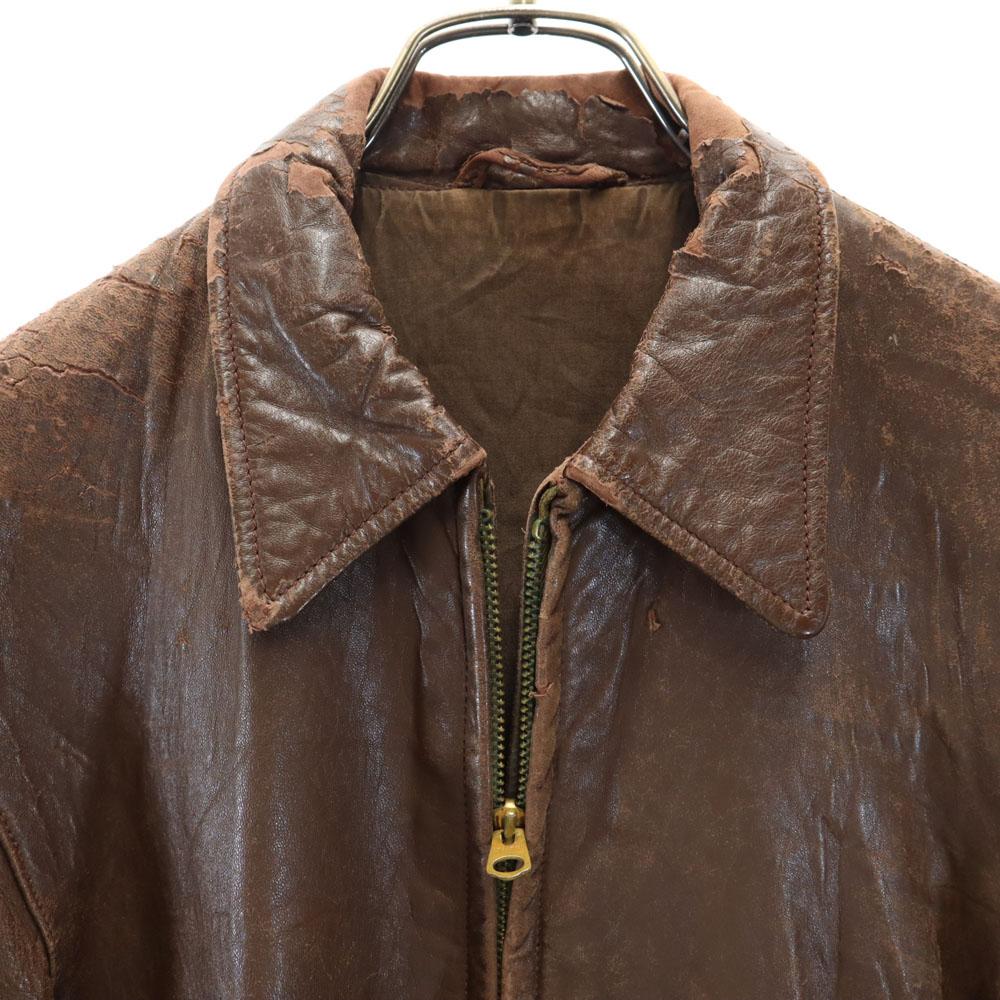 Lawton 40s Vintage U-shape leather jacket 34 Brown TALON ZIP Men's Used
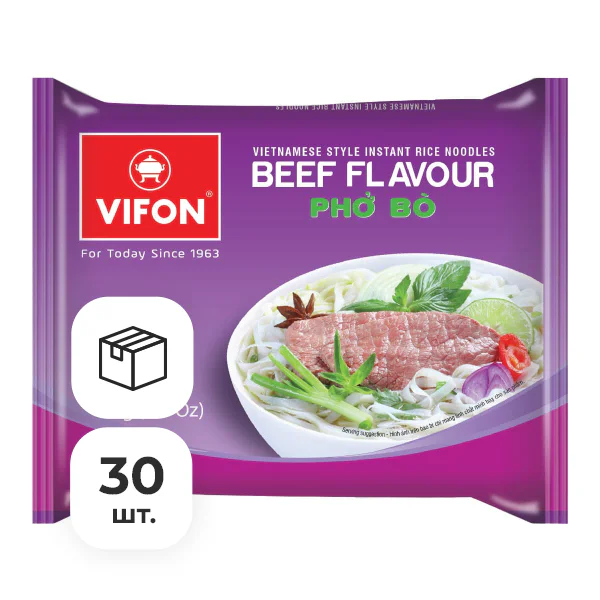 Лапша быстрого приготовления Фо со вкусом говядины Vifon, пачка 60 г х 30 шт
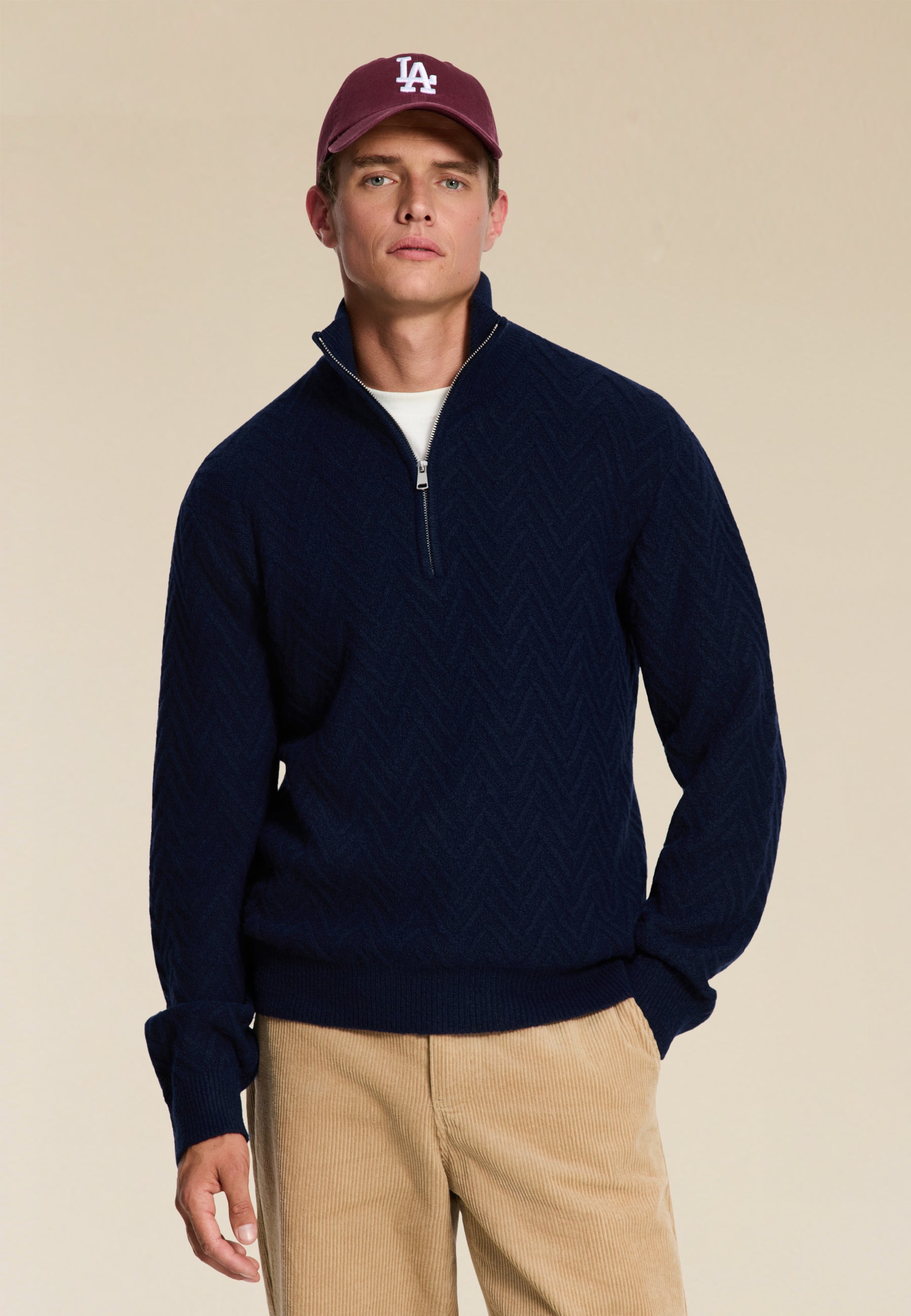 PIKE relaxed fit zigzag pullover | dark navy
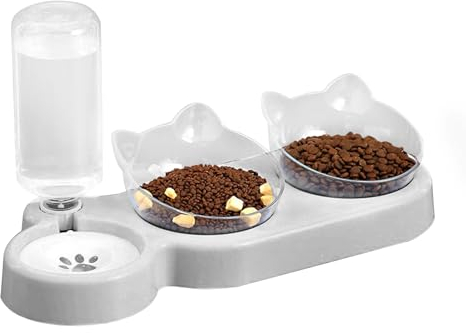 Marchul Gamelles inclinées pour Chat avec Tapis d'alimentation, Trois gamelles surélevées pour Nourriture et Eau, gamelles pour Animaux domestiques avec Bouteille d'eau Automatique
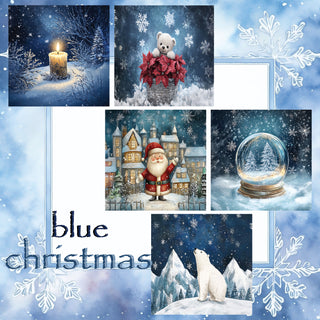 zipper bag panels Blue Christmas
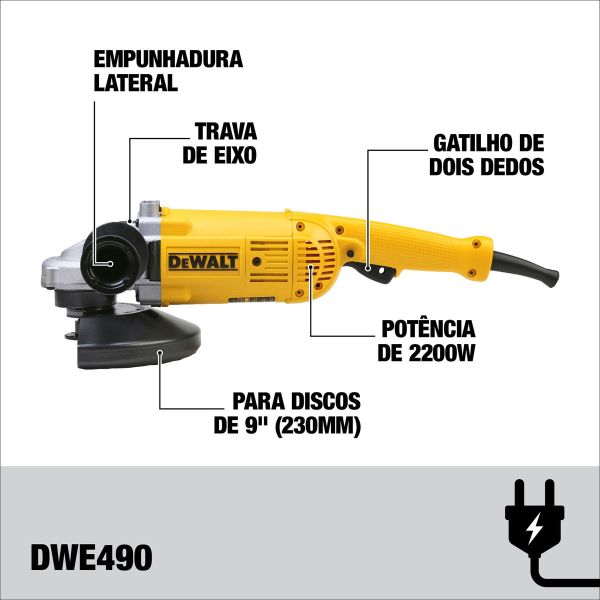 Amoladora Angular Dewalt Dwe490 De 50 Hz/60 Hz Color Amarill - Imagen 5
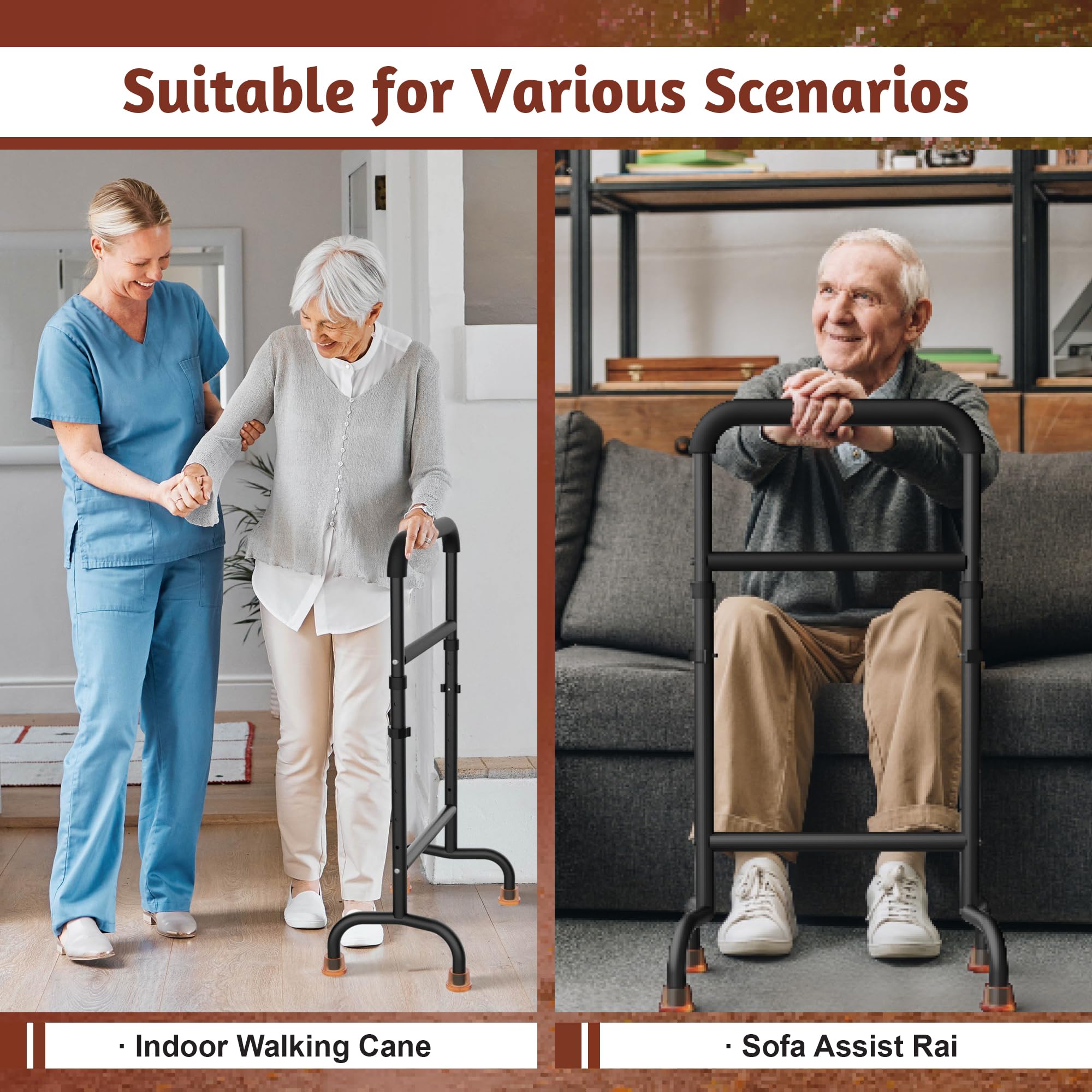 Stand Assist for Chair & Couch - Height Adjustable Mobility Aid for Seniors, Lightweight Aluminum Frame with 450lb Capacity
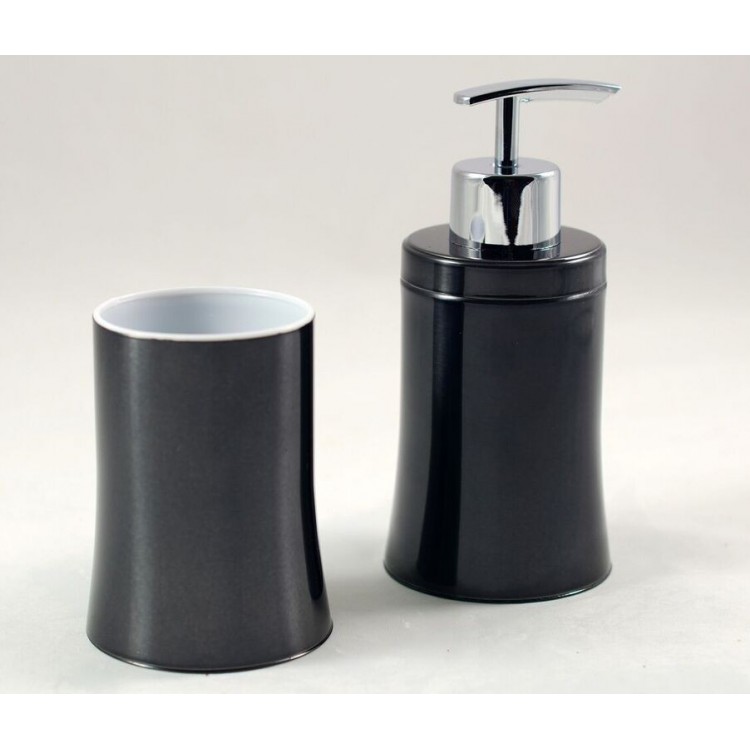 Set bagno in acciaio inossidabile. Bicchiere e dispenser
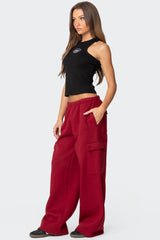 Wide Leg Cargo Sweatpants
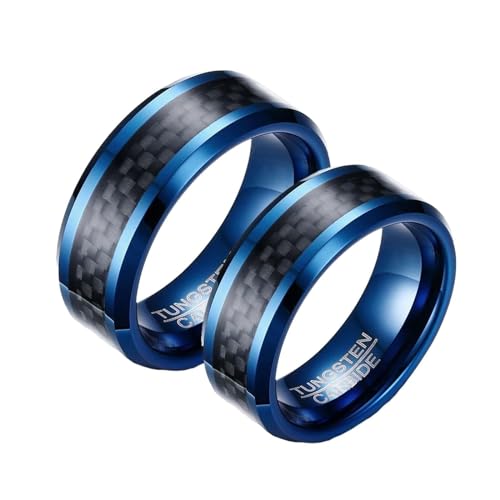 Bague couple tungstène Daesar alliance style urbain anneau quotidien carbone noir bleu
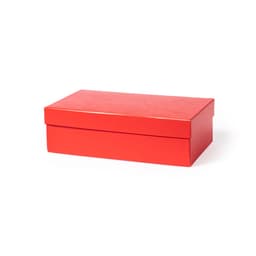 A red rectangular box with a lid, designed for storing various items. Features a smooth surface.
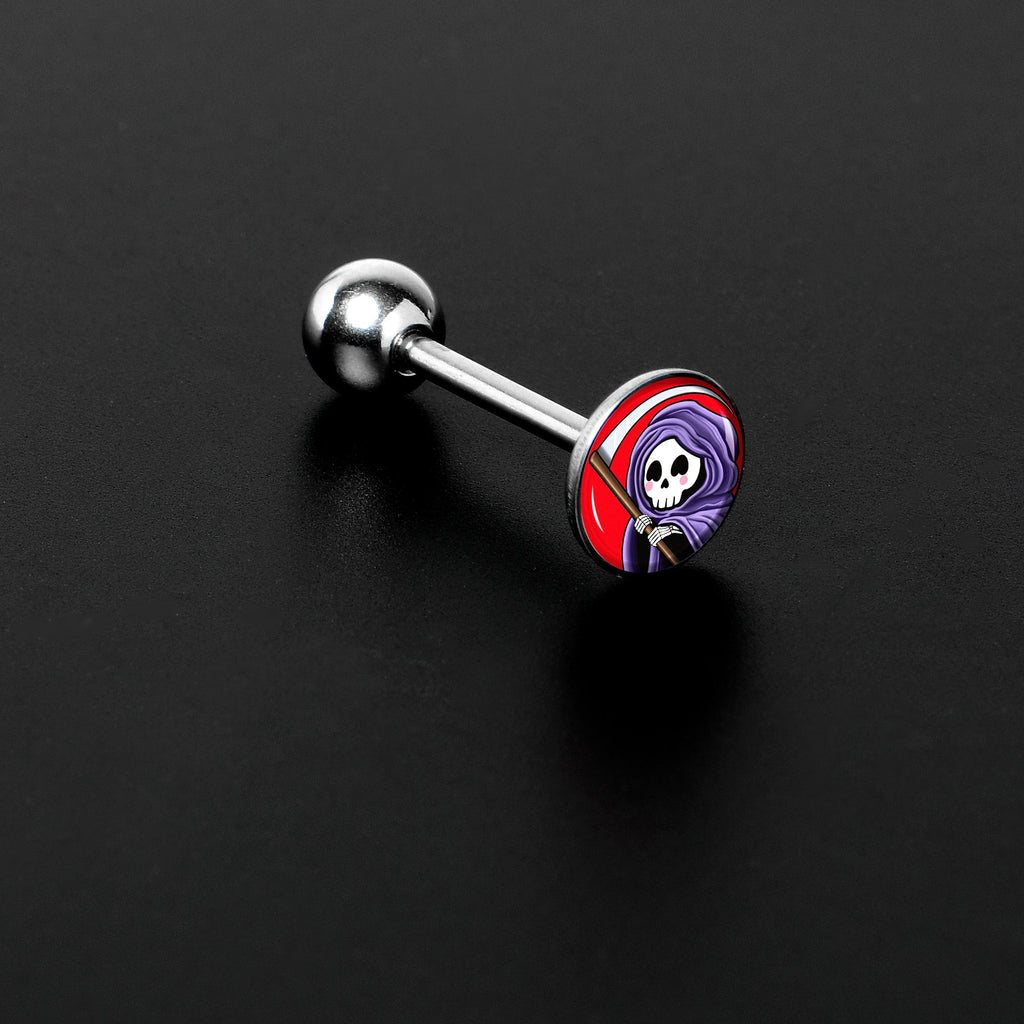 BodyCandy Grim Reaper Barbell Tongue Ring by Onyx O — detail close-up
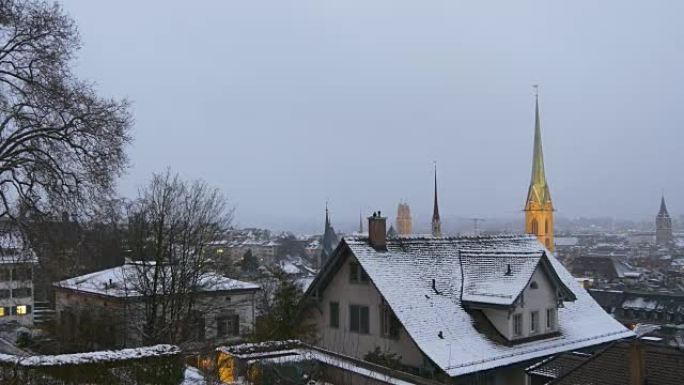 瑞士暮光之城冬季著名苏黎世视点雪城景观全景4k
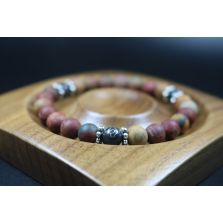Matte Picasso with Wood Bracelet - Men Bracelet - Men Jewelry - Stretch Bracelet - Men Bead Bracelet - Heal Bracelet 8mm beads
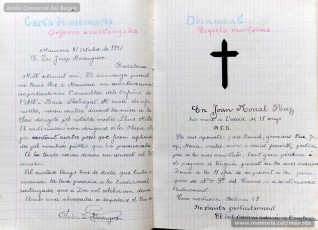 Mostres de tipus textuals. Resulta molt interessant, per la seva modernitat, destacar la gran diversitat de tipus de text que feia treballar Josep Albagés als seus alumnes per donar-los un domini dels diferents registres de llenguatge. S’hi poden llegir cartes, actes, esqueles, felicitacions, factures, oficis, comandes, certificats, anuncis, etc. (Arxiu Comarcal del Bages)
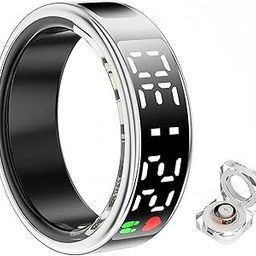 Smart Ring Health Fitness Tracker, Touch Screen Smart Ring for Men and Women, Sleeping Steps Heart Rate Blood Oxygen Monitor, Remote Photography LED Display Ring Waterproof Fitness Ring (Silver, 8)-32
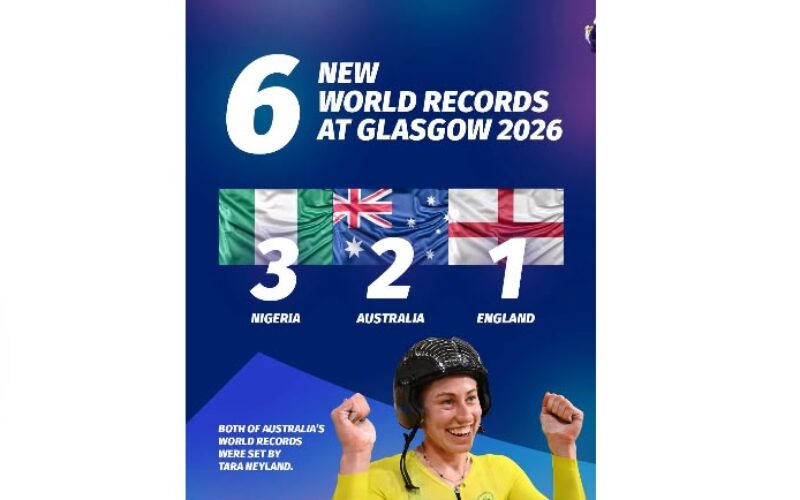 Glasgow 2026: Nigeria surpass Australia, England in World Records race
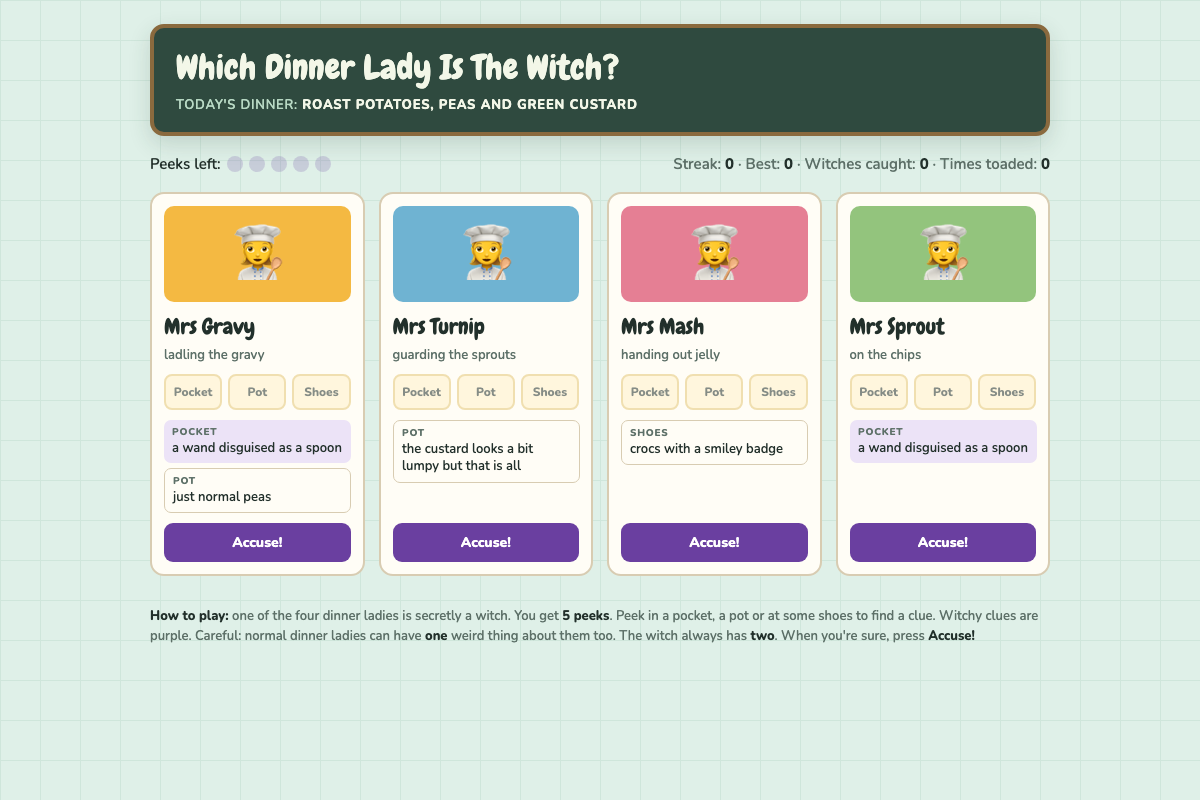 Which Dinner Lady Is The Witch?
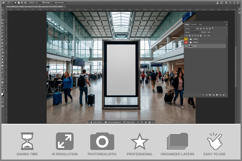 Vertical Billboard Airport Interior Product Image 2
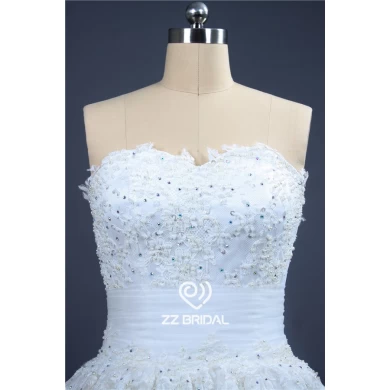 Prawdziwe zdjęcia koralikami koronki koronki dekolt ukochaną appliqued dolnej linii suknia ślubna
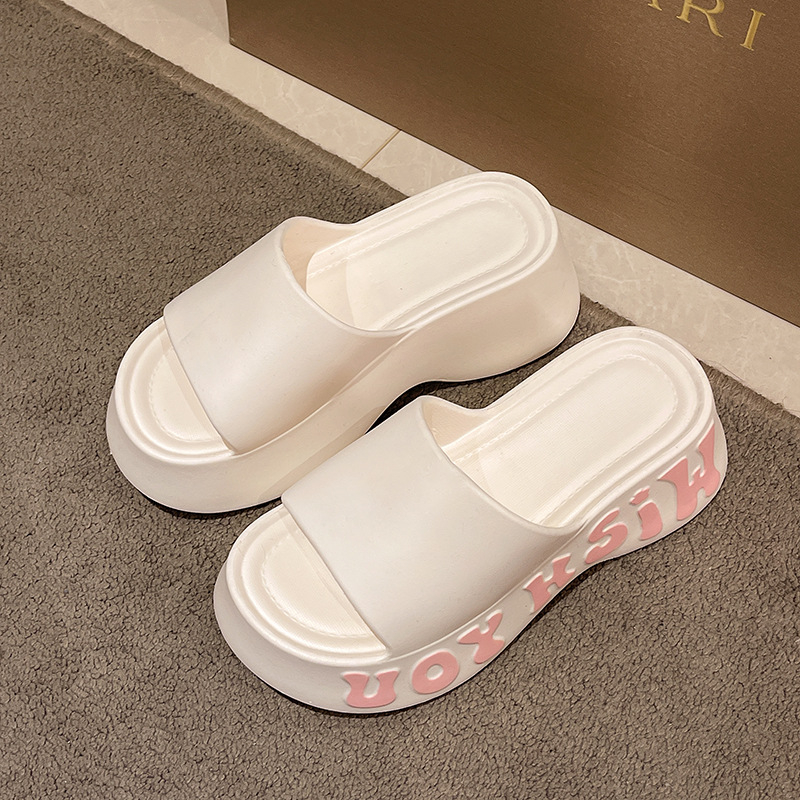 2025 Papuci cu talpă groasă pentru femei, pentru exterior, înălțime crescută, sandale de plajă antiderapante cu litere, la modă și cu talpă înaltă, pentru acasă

◇ ◇ ◇ ◇

### Task brief
Counting the line with "Mostres de tipus" and the last line of the data above, transcribe those two lines and every line between them exactly, without the pictures.

### Output of the task
 Mostres de tipus textuals. Resulta molt interessant, per la seva modernitat, destacar la gran diversitat de tipus de text que feia treballar Josep Albagés als seus alumnes per donar-los un domini dels diferents registres de llenguatge. S’hi poden llegir cartes, actes, esqueles, felicitacions, factures, oficis, comandes, certificats, anuncis, etc. (Arxiu Comarcal del Bages)
 Smart Ring Health Fitness Tracker, Touch Screen Smart Ring for Men and Women, Sleeping Steps Heart Rate Blood Oxygen Monitor, Remote Photography LED Display Ring Waterproof Fitness Ring (Silver, 8)-32
 Glasgow 2026: Nigeria surpass Australia, England in World Records race
 Which Dinner Lady Is The Witch?
 Vertical Billboard Airport Interior Product Image 2
 Prawdziwe zdjęcia koralikami koronki koronki dekolt ukochaną appliqued dolnej linii suknia ślubna
 2025 Papuci cu talpă groasă pentru femei, pentru exterior, înălțime crescută, sandale de plajă antiderapante cu litere, la modă și cu talpă înaltă, pentru acasă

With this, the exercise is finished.